Alan Davis is a surfboard craftsman.
The 45-year-old son of the late Justice James Davis of the Court of Appeal and English teacher, Marlene Davis, was about 11 when he caught his first wave and it is etched in his memory to this day.
The excitement comes through his voice as he reminisces: “It was very exhilarating. Riding a wave to shore you pick up a speed from a wave, and the first time you feel you can catch and harness the energy of riding the wave to the shore, or as far as you can get without falling off, and you always want to do it again. You get really excited, people will scream when they get a wave.”
As his love for speed developed, at 12, with a bunch of friends he rode a BMX bicycle on a vert ramp up to about ten feet in height.
“I was young, and we were fearless when it came to those things. We had no respect for speed, and would go down on a bicycle too fast and fall real bad...We built the ramp ourselves. One friend was good at construction and design, we had picked up how to pound nail into wood from being around people building houses, saw how the ramp was built on television and did it.”
Besides the ramp, there were the friends with whom he had surfed, eventually graduating to the waves on the line-up. “Like behind the breakers,” he explains. “I still rode the ramps but developed a strong love for surfing.”

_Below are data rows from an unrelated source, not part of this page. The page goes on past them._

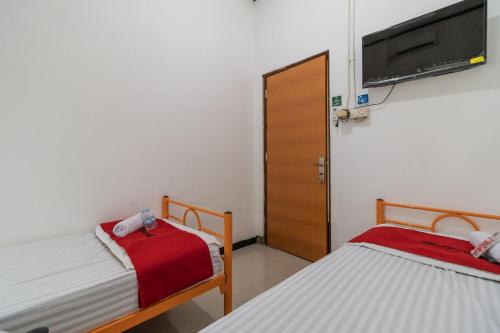 Postel nebo postele na pokoji v ubytování RedDoorz near Terminal Bubulak Bogor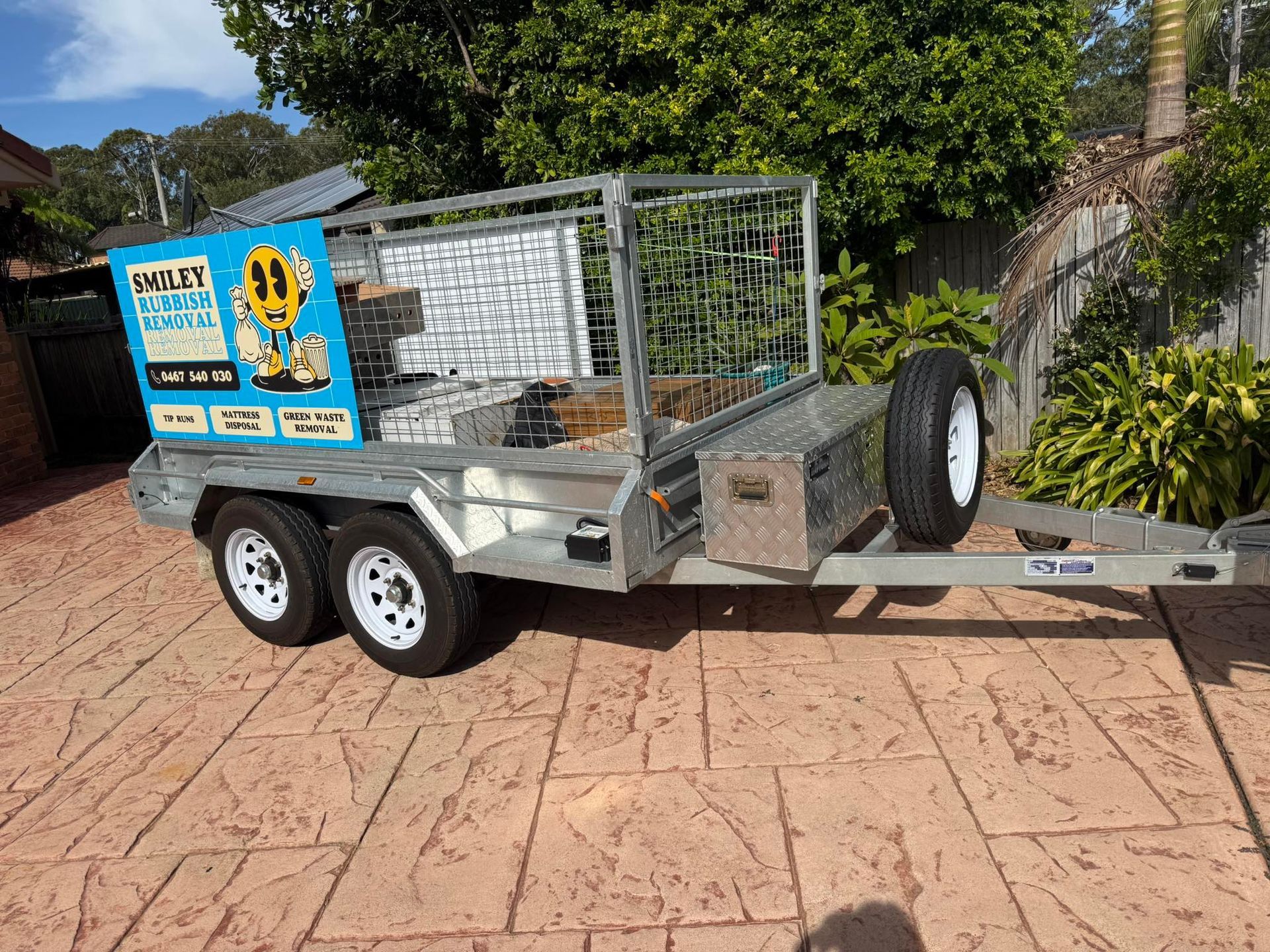 A Dual-axle Metal Utility Trailer With a Cage, a Storage Box, and Branding — Smiley Rubbish Removal In Wauchope, NSW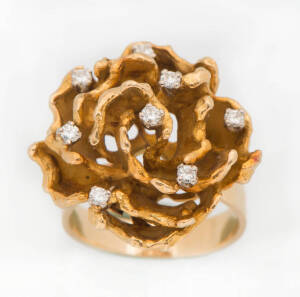 A diamond floral dress ring. Of textured finish and set with small brilliant cut diamonds. 18ct yellow gold. Weight 14.20 grams. Size O.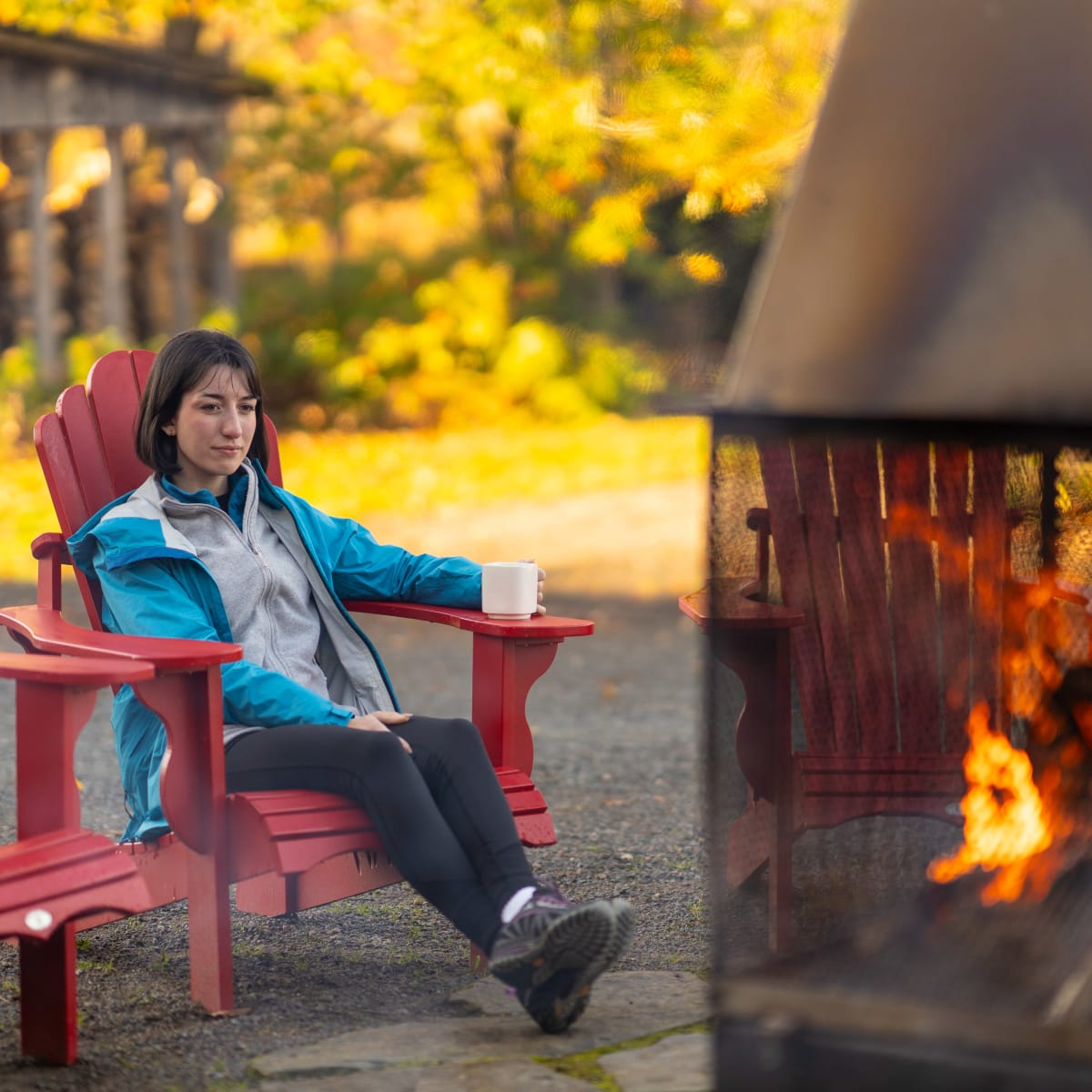 Femme relaxant devant un feu extérieur à l'automne.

From Bishop Anstey Junior School, Davis went to Trinity College, Moka and finally Queen’s Royal College, where he played a little bit of football but did not consider himself the best especially after some injuries, and also played some cricket. But it was always surfing.
What is it about surfing that eventually led to his making a career out of producing surf boards? He explains. “There is a saying that only a surfer knows the feeling, to describe it is trying to tell you what it is like trying liquor for the first time. It’s intoxicating and as well is a very healthy sport because your physical ability has to be tops. I was a swimmer first, which definitely helped with the conditioning that is associated with being out there, sometimes for as long as or more than eight hours.
“It becomes addictive, you don’t want to stop riding a wave. Waves come from the blowing of wind and the wind comes from the spinning of the earth.” Davis becomes more excited as he continues. “So you are actually riding the energy of the earth, there is no motor, your aim is to catch and ride a wave that is water that goes vertical, and because of the spinning of the earth you are riding something that is the energy of the earth. The first time you catch a wave, it’s an amazing feeling. You learn on small waves, so as you feel this energy which increases with the size of the wave, the feeling is even more intense.”
He said there is some fear if it’s a very big wave which can hurt you, as these are not like learning waves. “It takes years before you can get into big waves. The surfing talent really exists on the North Coast and Tobago, since children out of places like Balandra, live there. They grow up and are groomed from just listening to the surf as they are born on the beach....For the first time the sport has been acknowledged and the International Olympic Committee has included it into the Tokyo Olympics in 2020.”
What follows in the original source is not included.